Reproducible builds: a status update

Ludovic Courtès — October 31, 2017

With the yearly Reproducible Build Summit starting today, now’s a good time for an update on what has happened in Guix land in that area!

Isolated build environments are very helpful to achieve reproducible builds, but they are not sufficient: timestamps and non-determinism can still make a package build non-reproducible. Developers can rely on guix build --check and guix challenge to identify non-reproducible builds.

This article provides an overview of the progress made to fix non-reproducibility issues in packages over the year, and then goes on to show a very concrete way for Guix to take advantage of reproducible builds.

Building reproducibly

Tools that produce build artifacts occupy a key role: if their output is non-reproducible, then lots of packages that use them will be non-reproducible as a result.
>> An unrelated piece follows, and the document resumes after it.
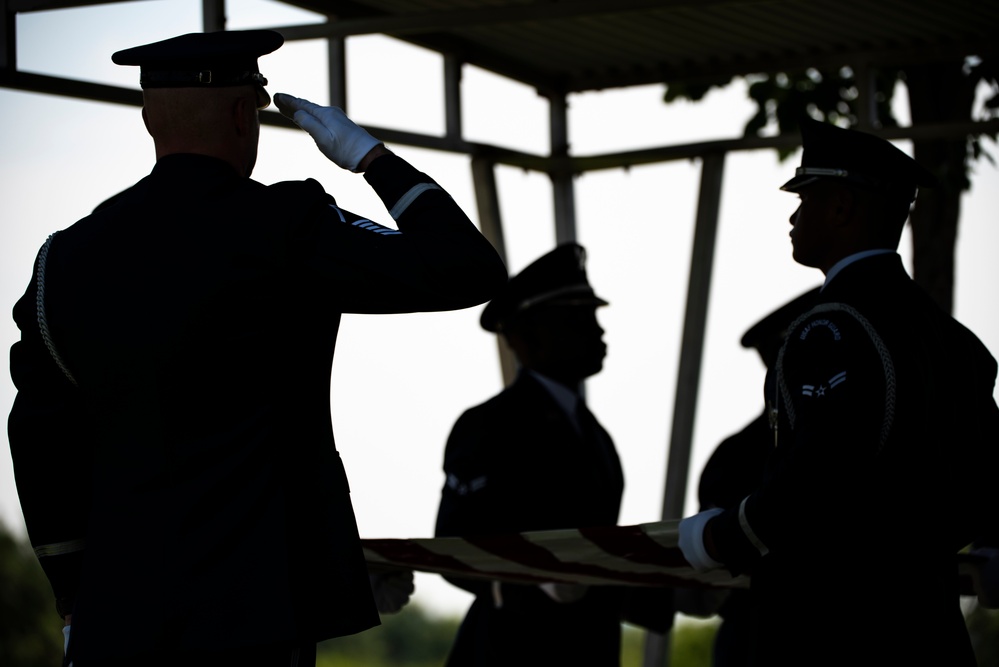 Full Military Funeral Honors with Escort are Conducted for U.S. Air Force Lt. Col. Donald Downing in Section 75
Among those packages, we fixed:

  • GNU R (timestamps in .rds files and man pages; random temporary file names recorded in generated files);
  • GNU Guile (order-sensitive symbol generation during macro expansion);
  • Ghostscript (timestamps and UUIDs in generated PDF files);
  • GNU groff (timestamps in generated files);
  • gdk-pixbuf (unsorted directory entries ending up in generated cache files);
  • Perl build system (perllocal.pod files were produced in a non-deterministic way).

Sometimes we think that an issue is rare and we embark on a trip to fix individual packages that are affected… until we realize that it’s common enough to deserve a global, once-and-for-all fix. This is what happened with timestamps in gzip headers: after blissfully assuming that “almost everyone” uses the -n flag of gzip, we finally introduced a build phase to automatically strip timestamps for gzip headers—this is a subset of what Debian’s strip-nondeterminism achieves, but hey, Scheme integration matters to us!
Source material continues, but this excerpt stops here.